AIエージェント経済では暗号資産インフラが中核を担うとの見方がある。写真=Reve AI

AIエージェントによる暗号資産決済が、過去1年で7300万ドル(約109億円)規模に達した。関連市場は構想段階を脱し、実際に機能するエコシステムへ移行しつつあるとの分析が示された。一方で、決済の大半が特定のステーブルコインに集中しており、インフラ面の偏りも課題として浮上している。

Cointelegraphが25日(現地時間)に伝えたところによると、暗号資産投資会社Keyrockは、2025年5月から2026年4月までの1年間に、AIエージェントが1億7600万件の取引を処理し、決済額が7300万ドルに達したと明らかにした。

KeyrockはCoinbase、Blockchain Tempoと共同でまとめた報告書で、この12カ月間にマシン間決済が「概念」から「実際に稼働するエコシステム」へ発展したと分析した。Keyrockのリサーチャー、ベン・ハービー氏は、AIエージェントによる決済額が7300万ドルを超えたほか、既存プレーヤーが新たな決済インフラでの主導権確保を狙い、総額80億ドル超(約1兆2000億円)の買収を進めたと説明した。

この流れの中で、ステーブルコインはAIエージェントの基盤となる決済レイヤーとして定着した。2026年1〜3月期末時点で、15を超えるディレクトリやレジストリに登録されたAIエージェント数が10万4000超に達し、1件当たりの平均取引額は31セントだった。

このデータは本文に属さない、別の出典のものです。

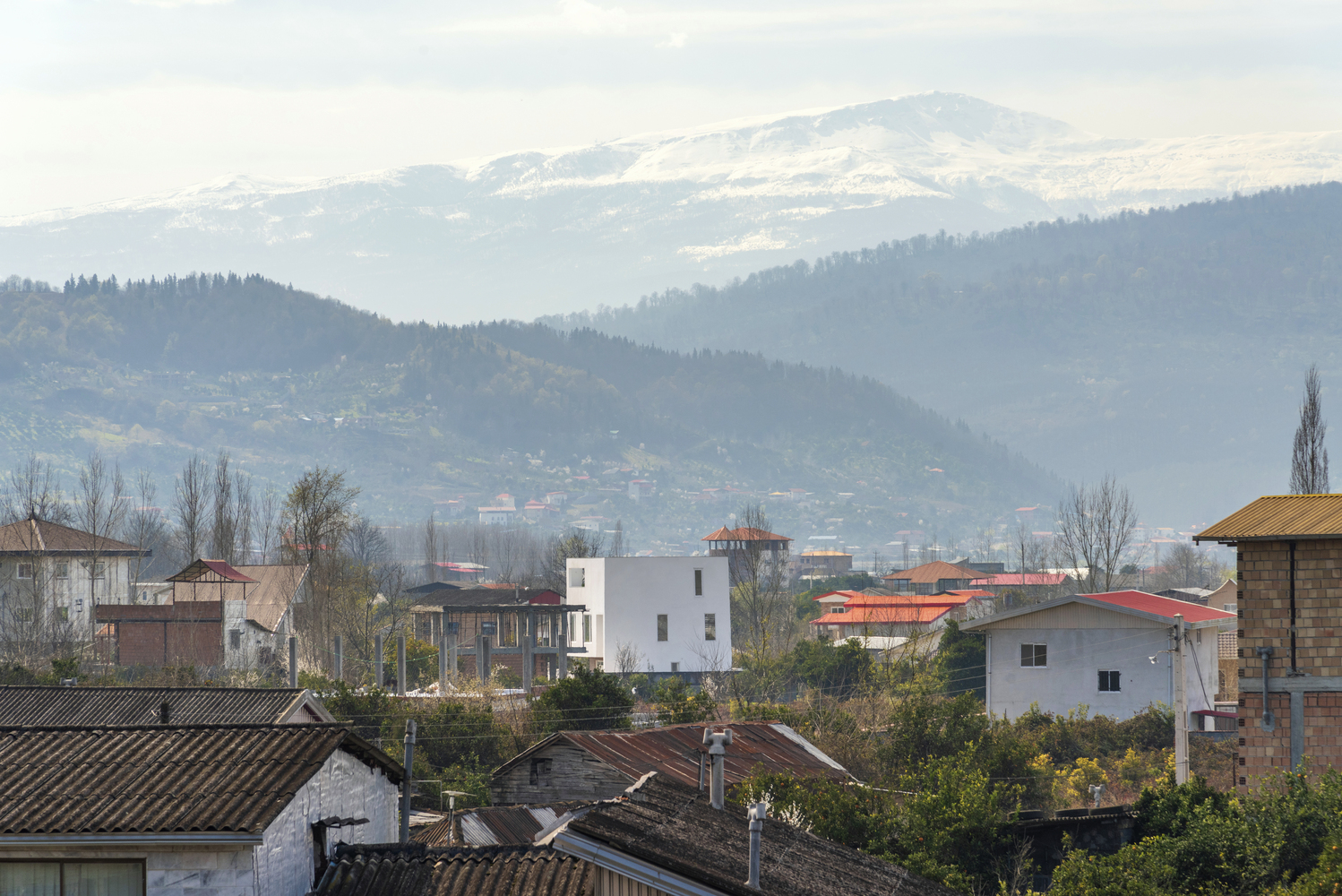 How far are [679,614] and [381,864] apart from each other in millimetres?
65898

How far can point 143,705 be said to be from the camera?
29359 millimetres

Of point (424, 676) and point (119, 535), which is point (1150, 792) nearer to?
Answer: point (424, 676)

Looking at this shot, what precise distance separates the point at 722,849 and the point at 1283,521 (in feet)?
58.3

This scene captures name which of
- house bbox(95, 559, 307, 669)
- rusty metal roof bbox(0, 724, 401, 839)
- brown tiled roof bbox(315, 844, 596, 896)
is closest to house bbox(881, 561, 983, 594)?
house bbox(95, 559, 307, 669)

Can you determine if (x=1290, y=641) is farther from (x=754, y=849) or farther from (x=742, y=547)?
(x=742, y=547)

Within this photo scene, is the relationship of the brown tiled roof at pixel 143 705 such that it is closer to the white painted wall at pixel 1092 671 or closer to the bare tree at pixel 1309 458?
the white painted wall at pixel 1092 671

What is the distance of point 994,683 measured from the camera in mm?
51562

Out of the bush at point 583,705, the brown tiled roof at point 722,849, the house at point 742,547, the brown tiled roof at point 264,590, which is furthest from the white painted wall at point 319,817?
the house at point 742,547

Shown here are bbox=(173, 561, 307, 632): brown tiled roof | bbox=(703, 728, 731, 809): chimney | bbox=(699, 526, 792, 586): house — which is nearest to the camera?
bbox=(703, 728, 731, 809): chimney

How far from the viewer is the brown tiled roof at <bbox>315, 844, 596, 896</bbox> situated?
14586mm

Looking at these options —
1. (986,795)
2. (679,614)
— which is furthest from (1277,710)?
(679,614)

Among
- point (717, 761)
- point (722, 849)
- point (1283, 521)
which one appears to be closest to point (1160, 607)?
point (1283, 521)

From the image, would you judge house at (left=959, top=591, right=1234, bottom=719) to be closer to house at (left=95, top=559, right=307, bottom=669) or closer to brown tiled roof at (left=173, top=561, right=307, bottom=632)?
house at (left=95, top=559, right=307, bottom=669)

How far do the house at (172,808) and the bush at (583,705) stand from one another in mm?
27825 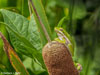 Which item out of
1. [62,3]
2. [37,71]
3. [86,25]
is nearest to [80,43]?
[86,25]

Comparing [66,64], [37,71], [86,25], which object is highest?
[66,64]

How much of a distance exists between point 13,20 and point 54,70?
0.21 meters

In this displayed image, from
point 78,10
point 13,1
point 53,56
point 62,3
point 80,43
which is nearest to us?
point 53,56

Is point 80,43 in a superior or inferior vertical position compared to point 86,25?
inferior

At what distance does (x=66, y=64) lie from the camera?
1.70ft

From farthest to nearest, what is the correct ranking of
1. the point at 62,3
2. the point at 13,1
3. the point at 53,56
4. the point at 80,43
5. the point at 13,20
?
the point at 80,43, the point at 62,3, the point at 13,1, the point at 13,20, the point at 53,56

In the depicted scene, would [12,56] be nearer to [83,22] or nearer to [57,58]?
[57,58]

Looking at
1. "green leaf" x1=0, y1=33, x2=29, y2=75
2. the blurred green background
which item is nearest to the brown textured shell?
"green leaf" x1=0, y1=33, x2=29, y2=75

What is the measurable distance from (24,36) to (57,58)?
0.58 feet

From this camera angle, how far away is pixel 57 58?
51 cm

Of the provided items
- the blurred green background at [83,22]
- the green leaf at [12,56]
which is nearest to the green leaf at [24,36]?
the green leaf at [12,56]

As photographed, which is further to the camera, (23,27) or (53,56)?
(23,27)

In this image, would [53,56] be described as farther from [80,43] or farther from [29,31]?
[80,43]

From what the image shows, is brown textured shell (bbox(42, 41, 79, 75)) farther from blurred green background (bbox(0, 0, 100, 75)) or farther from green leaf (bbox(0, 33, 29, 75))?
blurred green background (bbox(0, 0, 100, 75)) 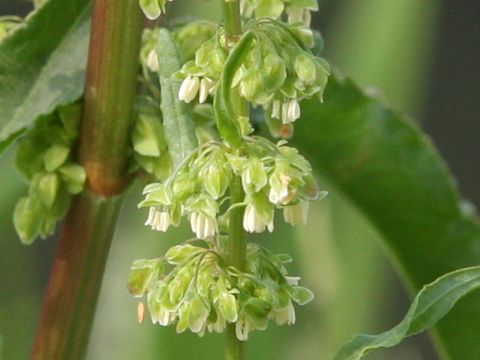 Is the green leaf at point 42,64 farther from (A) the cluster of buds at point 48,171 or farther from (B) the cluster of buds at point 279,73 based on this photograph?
(B) the cluster of buds at point 279,73

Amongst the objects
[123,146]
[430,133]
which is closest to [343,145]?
[123,146]

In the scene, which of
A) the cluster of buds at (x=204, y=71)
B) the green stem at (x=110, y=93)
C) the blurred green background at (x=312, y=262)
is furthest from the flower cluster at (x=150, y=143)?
the blurred green background at (x=312, y=262)

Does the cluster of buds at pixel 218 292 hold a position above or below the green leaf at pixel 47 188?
below

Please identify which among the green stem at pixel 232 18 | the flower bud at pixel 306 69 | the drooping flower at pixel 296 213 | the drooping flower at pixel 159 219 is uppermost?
the green stem at pixel 232 18

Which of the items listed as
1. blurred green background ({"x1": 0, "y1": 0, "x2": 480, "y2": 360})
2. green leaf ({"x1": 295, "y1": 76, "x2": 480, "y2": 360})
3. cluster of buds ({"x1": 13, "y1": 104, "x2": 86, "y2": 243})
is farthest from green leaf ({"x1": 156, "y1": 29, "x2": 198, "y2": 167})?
blurred green background ({"x1": 0, "y1": 0, "x2": 480, "y2": 360})

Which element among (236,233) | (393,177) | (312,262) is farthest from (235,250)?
(312,262)

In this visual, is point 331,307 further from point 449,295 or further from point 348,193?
point 449,295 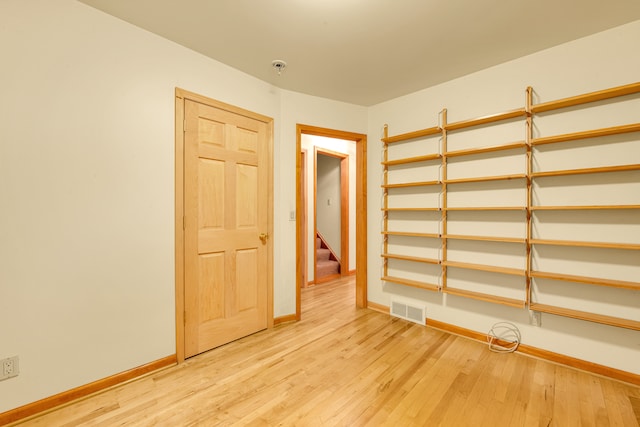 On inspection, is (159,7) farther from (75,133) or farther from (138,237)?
(138,237)

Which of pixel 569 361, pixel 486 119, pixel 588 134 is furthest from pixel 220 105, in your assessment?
pixel 569 361

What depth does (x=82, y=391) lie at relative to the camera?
1700 mm

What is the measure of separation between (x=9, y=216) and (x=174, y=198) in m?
0.85

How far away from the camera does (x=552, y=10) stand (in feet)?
5.67

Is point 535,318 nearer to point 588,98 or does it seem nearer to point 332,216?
point 588,98

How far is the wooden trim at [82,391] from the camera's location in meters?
1.50

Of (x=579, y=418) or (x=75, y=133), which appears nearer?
(x=579, y=418)

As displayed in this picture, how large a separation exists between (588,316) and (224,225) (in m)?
2.86

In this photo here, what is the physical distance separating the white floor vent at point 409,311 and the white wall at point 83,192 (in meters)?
2.23

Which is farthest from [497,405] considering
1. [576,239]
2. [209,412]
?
[209,412]

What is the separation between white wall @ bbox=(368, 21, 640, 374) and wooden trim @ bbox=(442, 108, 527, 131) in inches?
4.4

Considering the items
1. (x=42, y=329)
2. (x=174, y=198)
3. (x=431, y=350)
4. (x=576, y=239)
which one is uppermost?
(x=174, y=198)

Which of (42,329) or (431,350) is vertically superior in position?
(42,329)

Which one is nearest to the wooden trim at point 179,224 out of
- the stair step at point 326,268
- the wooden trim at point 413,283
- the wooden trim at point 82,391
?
the wooden trim at point 82,391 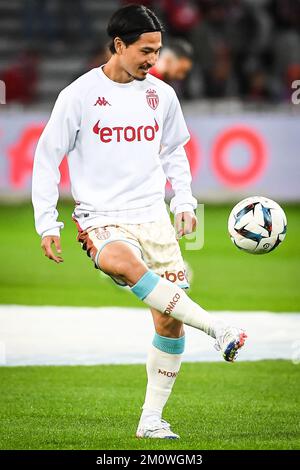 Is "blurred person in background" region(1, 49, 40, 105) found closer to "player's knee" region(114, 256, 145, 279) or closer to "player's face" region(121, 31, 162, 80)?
"player's face" region(121, 31, 162, 80)

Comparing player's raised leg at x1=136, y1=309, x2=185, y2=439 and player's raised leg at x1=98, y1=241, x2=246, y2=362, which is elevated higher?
player's raised leg at x1=98, y1=241, x2=246, y2=362

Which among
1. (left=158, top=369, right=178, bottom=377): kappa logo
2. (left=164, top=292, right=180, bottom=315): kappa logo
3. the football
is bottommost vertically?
(left=158, top=369, right=178, bottom=377): kappa logo

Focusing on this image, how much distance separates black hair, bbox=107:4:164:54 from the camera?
6223 millimetres

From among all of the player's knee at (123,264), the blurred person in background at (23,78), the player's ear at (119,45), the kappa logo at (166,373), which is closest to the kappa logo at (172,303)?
the player's knee at (123,264)

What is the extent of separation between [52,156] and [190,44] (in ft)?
46.9

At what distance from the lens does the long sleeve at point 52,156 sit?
20.5 ft

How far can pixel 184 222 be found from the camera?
654 cm

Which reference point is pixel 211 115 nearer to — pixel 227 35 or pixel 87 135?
pixel 227 35

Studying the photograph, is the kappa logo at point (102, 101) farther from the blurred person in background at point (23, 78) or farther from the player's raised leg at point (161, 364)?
the blurred person in background at point (23, 78)

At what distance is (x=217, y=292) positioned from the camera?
39.5ft

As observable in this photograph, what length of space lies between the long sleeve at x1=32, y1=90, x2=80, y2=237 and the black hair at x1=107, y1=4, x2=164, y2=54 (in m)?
0.42

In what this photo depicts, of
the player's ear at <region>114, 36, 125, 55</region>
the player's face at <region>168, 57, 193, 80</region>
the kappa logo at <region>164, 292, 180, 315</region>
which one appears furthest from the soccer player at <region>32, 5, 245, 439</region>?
the player's face at <region>168, 57, 193, 80</region>

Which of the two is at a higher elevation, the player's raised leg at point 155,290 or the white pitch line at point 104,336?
the player's raised leg at point 155,290

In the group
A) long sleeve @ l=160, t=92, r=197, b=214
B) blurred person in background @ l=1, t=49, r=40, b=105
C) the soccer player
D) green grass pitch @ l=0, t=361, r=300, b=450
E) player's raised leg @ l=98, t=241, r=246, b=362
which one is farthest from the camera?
blurred person in background @ l=1, t=49, r=40, b=105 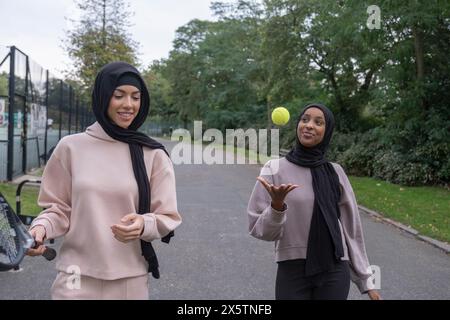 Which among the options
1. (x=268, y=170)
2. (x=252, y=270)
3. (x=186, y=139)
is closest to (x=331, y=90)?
(x=252, y=270)

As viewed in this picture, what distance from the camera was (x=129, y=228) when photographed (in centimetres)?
193

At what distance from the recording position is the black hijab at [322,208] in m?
2.70

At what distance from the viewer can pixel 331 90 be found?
74.5ft

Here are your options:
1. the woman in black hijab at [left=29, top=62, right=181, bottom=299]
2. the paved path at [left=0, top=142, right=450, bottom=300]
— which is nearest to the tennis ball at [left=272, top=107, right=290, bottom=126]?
the paved path at [left=0, top=142, right=450, bottom=300]

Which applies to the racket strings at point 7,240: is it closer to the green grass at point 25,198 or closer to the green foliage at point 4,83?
the green grass at point 25,198

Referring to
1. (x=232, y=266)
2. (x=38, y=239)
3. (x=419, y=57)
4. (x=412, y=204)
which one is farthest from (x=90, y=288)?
(x=419, y=57)

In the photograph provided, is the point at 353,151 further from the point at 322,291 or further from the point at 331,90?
the point at 322,291

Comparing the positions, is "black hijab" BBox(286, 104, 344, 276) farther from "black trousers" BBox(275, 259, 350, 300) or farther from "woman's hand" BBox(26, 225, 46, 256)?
"woman's hand" BBox(26, 225, 46, 256)

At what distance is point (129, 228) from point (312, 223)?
4.01ft

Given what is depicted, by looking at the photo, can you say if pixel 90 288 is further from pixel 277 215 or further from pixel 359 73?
pixel 359 73

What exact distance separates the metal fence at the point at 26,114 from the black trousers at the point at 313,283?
34.0 ft

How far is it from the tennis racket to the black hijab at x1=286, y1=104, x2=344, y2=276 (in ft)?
4.95

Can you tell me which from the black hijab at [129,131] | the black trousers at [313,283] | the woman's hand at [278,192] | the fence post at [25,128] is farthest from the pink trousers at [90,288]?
the fence post at [25,128]

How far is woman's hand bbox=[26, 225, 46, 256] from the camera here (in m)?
2.02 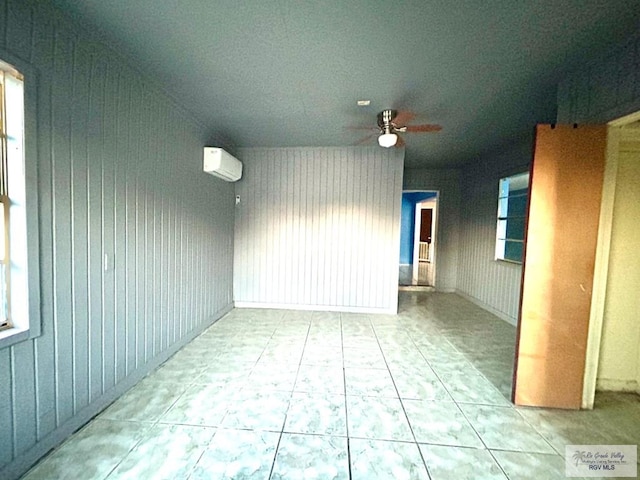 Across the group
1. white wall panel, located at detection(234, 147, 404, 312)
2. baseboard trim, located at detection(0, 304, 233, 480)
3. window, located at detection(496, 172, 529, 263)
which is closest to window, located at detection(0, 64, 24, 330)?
baseboard trim, located at detection(0, 304, 233, 480)

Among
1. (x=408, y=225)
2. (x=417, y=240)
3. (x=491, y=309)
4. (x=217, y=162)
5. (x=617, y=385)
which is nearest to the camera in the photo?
(x=617, y=385)

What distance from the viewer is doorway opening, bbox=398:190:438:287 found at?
6.80 meters

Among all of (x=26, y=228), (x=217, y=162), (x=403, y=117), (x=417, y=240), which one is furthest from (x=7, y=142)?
(x=417, y=240)

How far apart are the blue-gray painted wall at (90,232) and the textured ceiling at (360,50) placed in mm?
289

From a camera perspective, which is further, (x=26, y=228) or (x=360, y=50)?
(x=360, y=50)

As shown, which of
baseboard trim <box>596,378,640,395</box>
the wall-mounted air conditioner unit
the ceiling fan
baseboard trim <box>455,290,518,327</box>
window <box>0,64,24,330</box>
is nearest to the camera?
window <box>0,64,24,330</box>

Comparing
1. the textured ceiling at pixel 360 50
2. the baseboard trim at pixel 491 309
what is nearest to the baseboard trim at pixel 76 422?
the textured ceiling at pixel 360 50

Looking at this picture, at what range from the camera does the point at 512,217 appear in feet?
Answer: 14.7

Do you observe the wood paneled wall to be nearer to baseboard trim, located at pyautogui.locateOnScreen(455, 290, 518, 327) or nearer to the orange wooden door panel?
baseboard trim, located at pyautogui.locateOnScreen(455, 290, 518, 327)

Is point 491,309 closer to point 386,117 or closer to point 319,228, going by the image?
point 319,228

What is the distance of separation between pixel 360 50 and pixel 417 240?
681 cm

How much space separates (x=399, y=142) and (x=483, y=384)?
107 inches

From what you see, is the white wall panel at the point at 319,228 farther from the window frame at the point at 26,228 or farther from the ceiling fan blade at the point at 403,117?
the window frame at the point at 26,228

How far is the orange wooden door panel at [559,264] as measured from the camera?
197 cm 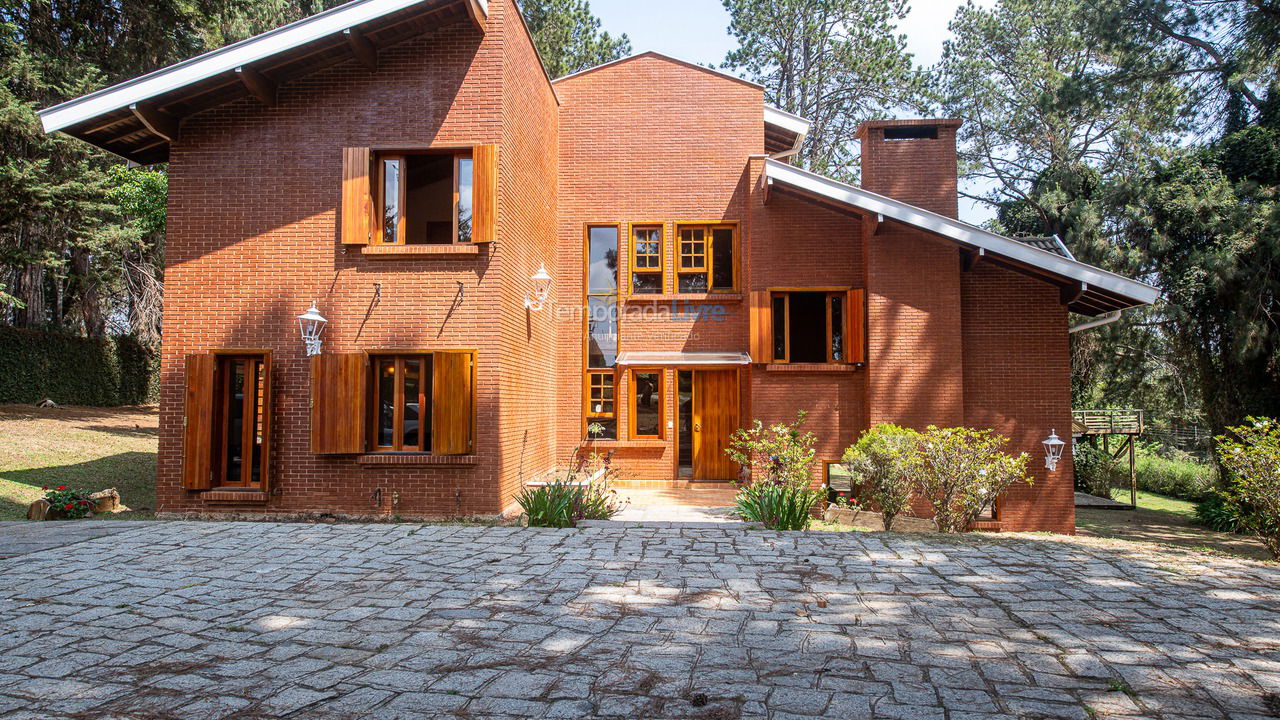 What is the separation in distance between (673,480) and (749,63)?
1649 centimetres

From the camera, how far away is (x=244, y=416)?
834 centimetres

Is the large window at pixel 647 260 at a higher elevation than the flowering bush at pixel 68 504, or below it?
higher

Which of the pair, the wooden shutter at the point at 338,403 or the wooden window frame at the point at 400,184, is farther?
the wooden window frame at the point at 400,184

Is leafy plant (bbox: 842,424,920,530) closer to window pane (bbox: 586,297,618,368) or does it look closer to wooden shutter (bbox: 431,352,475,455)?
window pane (bbox: 586,297,618,368)

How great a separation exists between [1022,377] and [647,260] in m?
6.55

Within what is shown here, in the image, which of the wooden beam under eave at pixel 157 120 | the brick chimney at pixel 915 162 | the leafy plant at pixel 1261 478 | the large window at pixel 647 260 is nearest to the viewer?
the leafy plant at pixel 1261 478

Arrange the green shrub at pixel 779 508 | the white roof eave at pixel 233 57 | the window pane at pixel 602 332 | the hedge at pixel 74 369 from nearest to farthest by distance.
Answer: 1. the green shrub at pixel 779 508
2. the white roof eave at pixel 233 57
3. the window pane at pixel 602 332
4. the hedge at pixel 74 369

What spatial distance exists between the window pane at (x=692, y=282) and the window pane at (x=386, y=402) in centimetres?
550

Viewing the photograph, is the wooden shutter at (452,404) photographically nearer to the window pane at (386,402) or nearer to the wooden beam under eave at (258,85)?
the window pane at (386,402)

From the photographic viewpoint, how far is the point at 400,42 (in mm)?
8609

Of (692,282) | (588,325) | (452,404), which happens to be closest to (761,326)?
(692,282)

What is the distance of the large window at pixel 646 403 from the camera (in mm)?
11789

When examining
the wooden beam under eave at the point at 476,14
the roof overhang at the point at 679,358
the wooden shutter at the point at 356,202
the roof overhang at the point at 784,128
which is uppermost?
the roof overhang at the point at 784,128

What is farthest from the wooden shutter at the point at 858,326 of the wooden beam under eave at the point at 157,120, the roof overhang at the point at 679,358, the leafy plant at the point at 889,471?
the wooden beam under eave at the point at 157,120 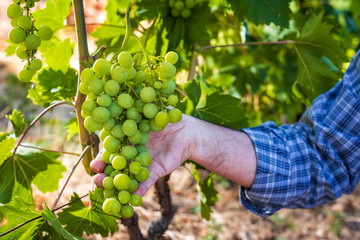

こうした少額決済の拡大は、従来の決済ネットワークの限界も浮き彫りにした。1件ごとに約30セントの固定手数料が発生する仕組みでは、1ドル未満の決済は成り立ちにくいためだ。ハービー氏は、天気情報APIの呼び出しに3セントを支払うようなAIエージェントは、Visaのネットワークを利用できないと指摘した。

AIエージェントの活用は、Web3アプリケーションの構築やトークン発行、サービスやプロトコル同士の自律的な相互作用にも広がっている。一部プラットフォームでは、取引分野でのAI活用も試されているという。2025年4月にCoinGeckoが暗号資産ユーザー2632人を対象に実施した調査では、87%が「自身の暗号資産ポートフォリオの少なくとも10%をAIエージェントに管理させてもよい」と答えた。

一方で、決済インフラが特定のステーブルコインに集中している点はリスク要因とみられている。AIエージェントの決済の98%超はCircleのUSDCで処理されている。ハービー氏は、エコシステム全体が1社に依存しているとした上で、Circleが規制上の問題やディペッグ、長期停止に直面した場合、AIエージェント経済には有効な代替手段が乏しいと警鐘を鳴らした。